Özlenen gençlik de diyebiliriz aslında. Fakat tam bu noktada akıllara şöyle bir soru geliyor; Problem gençlerde mi? Yoksa onların şuurlu bir şekilde yetişmemesine vesile olan anne ve babalarda mı? 

Günümüzde en çok serzenişte bulunan kesim, anne ve babalardır. “Gençler kötüye gidiyor, şimdiki gençlikte edep ve haya yok, biz sizin zamanınızda böyle değildik” gibi birçok serzenişte bulunuyorlar. 

Evet haklılar gençlik kötüye gidiyor, edep ve haya gittikçe azalıyor. Fakat gençlikten edep ve haya kayıp giderken anne ve babalar izlemekten başka ne yapıyorlar? Veya eleştirmekten ve kendileri ile kıyaslamaktan başka? Acaba şikayet ettikleri gençlerden kayıp giden edep, ahlak ve şuur onlarda var mı? 

Annesinin ve babasının yanında ayak ayak üstüne atan veya onların yanında ağzından kötü söz çıkan bir gence, sen ne kadar edepsizsin hiç mi bir şey öğrenmedin bizden diyen anne ve baba, bir süre sonra televizyonun karşısına geçerek ona o edepsizliği öğreten, ona kötü örnek olan insanların içinde edep ve haya bulunmayan dizilerini izliyor, o dizilerle eğlenerek vakit geçiriyor. Sonra evladının karşısına geçip sen neden böylesin diyerek onu eleştiriyor.  

Asıl hakikat, özlenen gençlikten ziyade özlenen anne ve babadır. Gençliğin kötüye gitmemesi için atacağımız ilk adım, özlenen anne ve baba profilini yeniden yeşertmektir. 

İlk önce anne ve babalar edep ve ahlak kalkanını kuşanmalıdırlar.

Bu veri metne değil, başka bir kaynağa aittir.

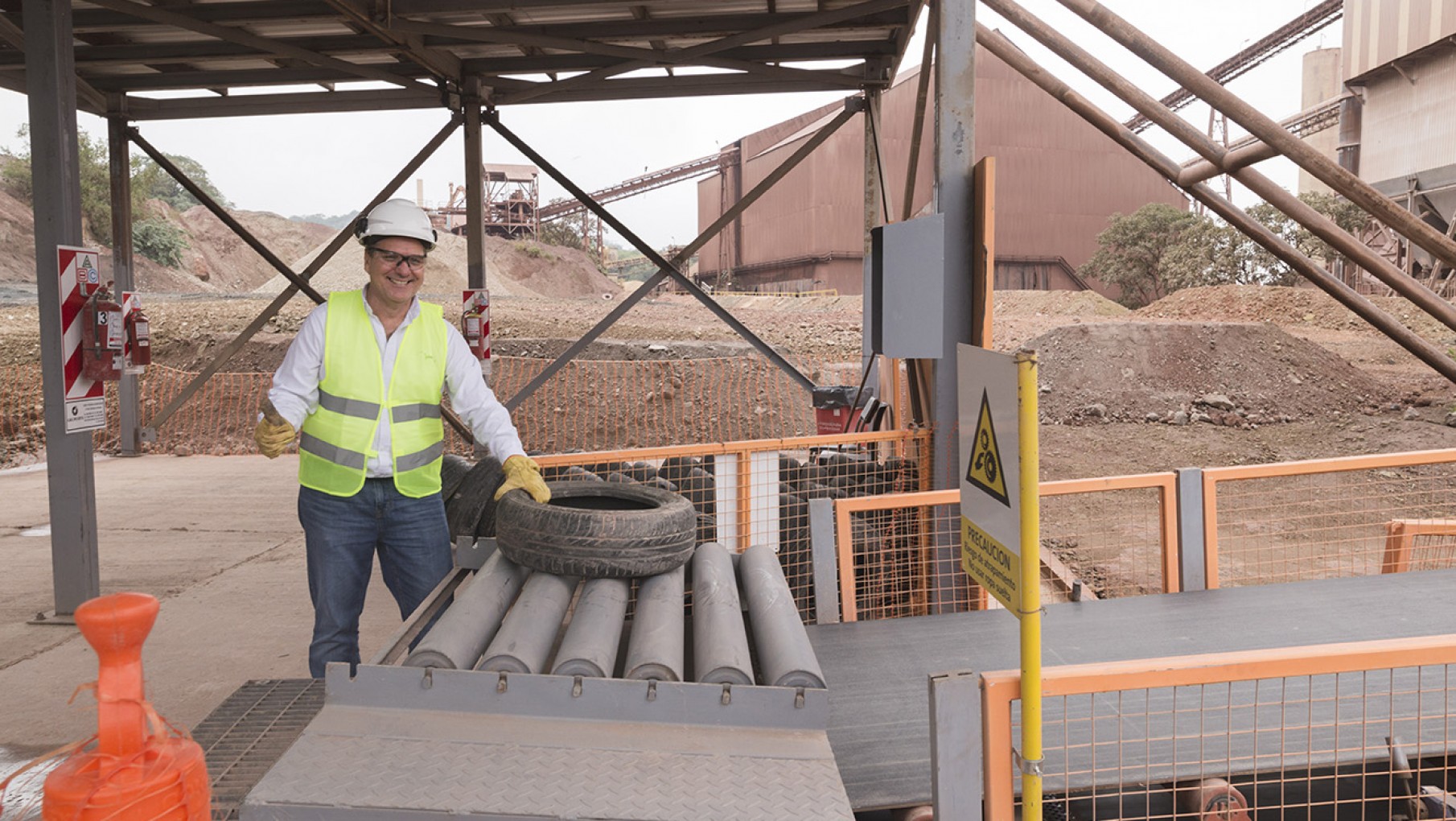 Holcim innova para producir reciclando neumáticos a través del coprocesamiento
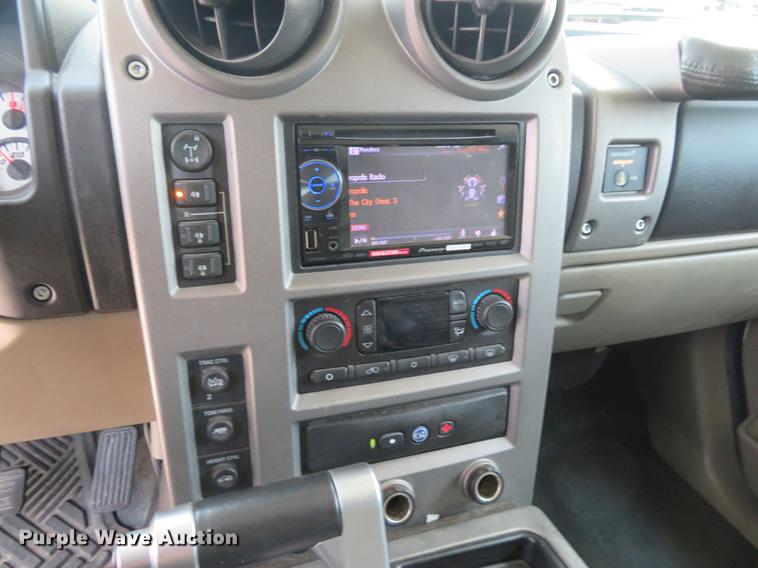 image for item EJ9614 2003 Hummer H2 limousine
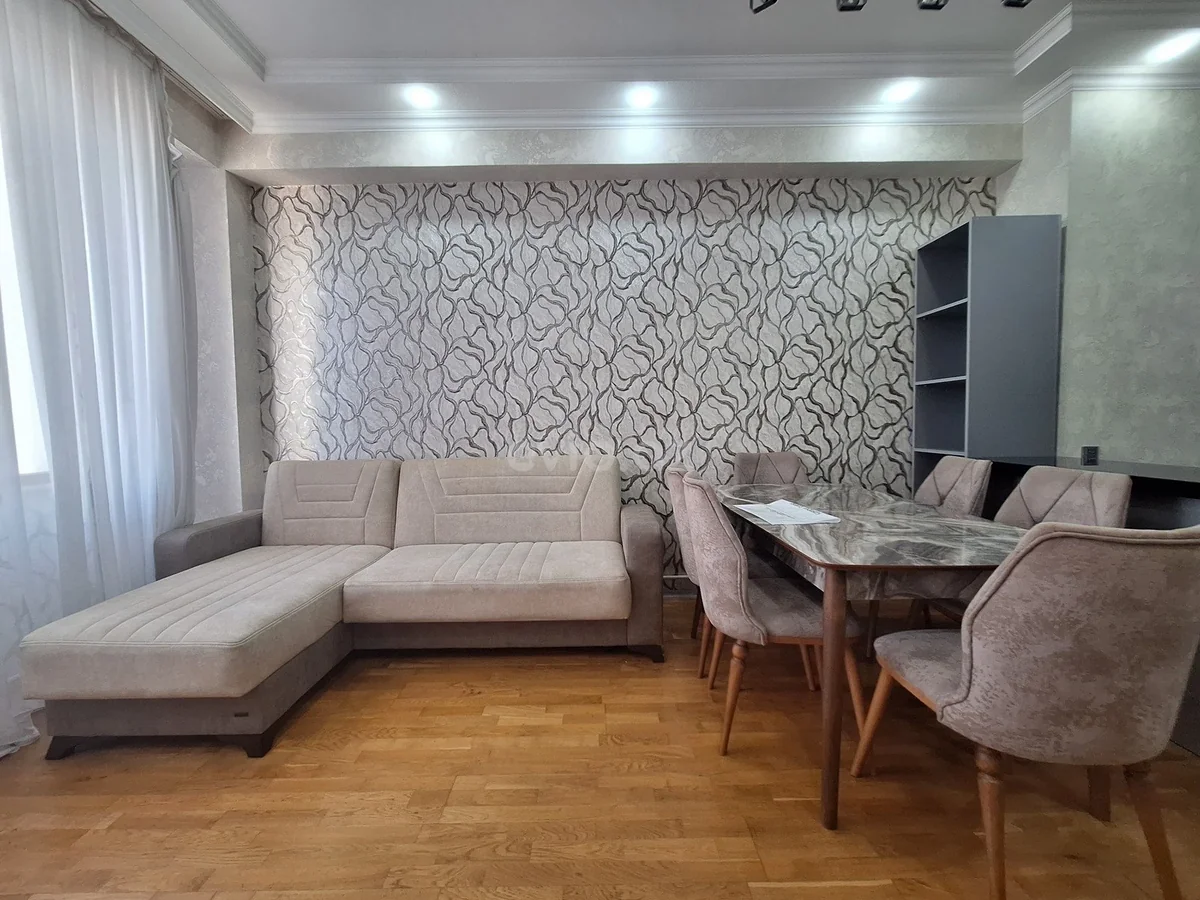 2 otaqlı tam təmirli mənzil satılır 8-ci mikrorayonda — Mənzil, Bakı (2)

Bunun için ölçümüz, Kuran’ın ahlakı ile kuşanan Efendimiz (ﷺ)’in ahlakıdır. 

Anne ve babalar ilk önce ahlakın en güzelini örnek alıp onla kuşanmalı ve ondan sonra bu ahlakı arkalarından gelen nesle bırakmalıdırlar. 

“Bu gençlik nereye gidiyor böyle” demeden önce “Biz anne ve babalar olarak nereye gidiyoruz böyle” demelidirler. 

Eğer ki özlenen anne ve baba profilini bir filiz gibi yeşertirsek, arkadan gelen nesil o filizle birlikte dallanıp budaklanacak ve köklerini toprağa salacaktır.